Second band up was Sage, a well-known name among local Tampa Bay acts. I had seen Sage once before at Gasoline Alley several years back, and never went to see them again. They didn’t do much to impress me then, and so it was the same again this time, only worse. Sage attempted to end their show with a cover of Duran Duran’s “Hungry Like the Wolf” and mangled that baby all over the place. Loyal Sage fans did their best to make like it was spectacular as they cheered and danced along, but they must have simply been caught in the moment, because what I heard with listening and attentive ears was ghastly. I don’t think I’ve ever heard so many flat notes from a lead singer in one song as I did from that one.

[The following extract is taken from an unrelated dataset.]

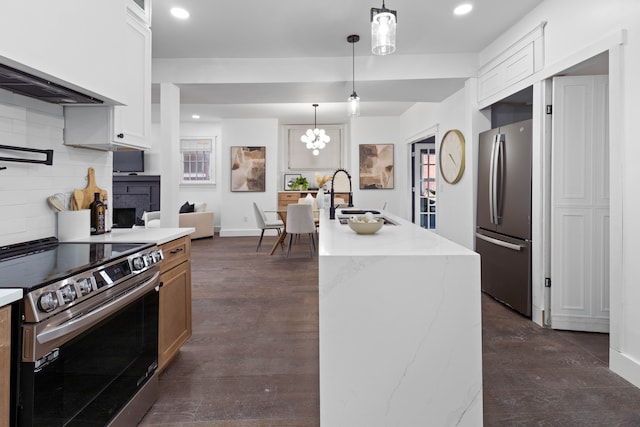 kitchen featuring stainless steel appliances, dark wood-type flooring, a sink, and decorative backsplash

I don’t think he even realized he was singing flat, anyway… he was too busy jumping around and being an aggressive rock star that likes to make a show. Thankfully, the Sage set ended, and it was time for what I had originally come to see and photograph.
Security at the State Theatre rocks me hard, as they knew I would be pummeled to death in the expected mosh pit, so they quickly helped me up onto some equipment cases so I could shoot my photos without bodily harm inflicted. Red lights shrouded the smoke-filled stage and Finger Eleven pounded onto the stage, beginning with “First Time” and quickly moving into “Ocean” and then “Suffocate.” Lead guitarist James Black stole this year’s Best Onstage Fashion Award when he entered wearing a black, floor length, tailored, long-sleeved coat and a black skullcap. The man was looking seriously wicked in that get-up, accompanied by a goatee. Guitarist Rick Jackett entertained everyone with flying guitar tricks, holding a cigarette tightly in his lips. It was cool the first two or three times to see him swing the guitar in a complete 360, but after awhile, it grew old and tedious. Lead singer Scott Anderson looked like an evil mad professor in a Nehru-type black jacket and black pants. Bassist Sean Andersen and drummer Rich Beddoe were hardly noticeable behind the front stage antics of Black, Jackett, and Anderson.
Best tunes of the night were the unforgettable “Carousel” and the moody “Sick of It All (Sullen).” The music of Finger Eleven was good, but the show they put on was better. Definitely a band you’ll want to see live, especially if the CDs are your cup of tea.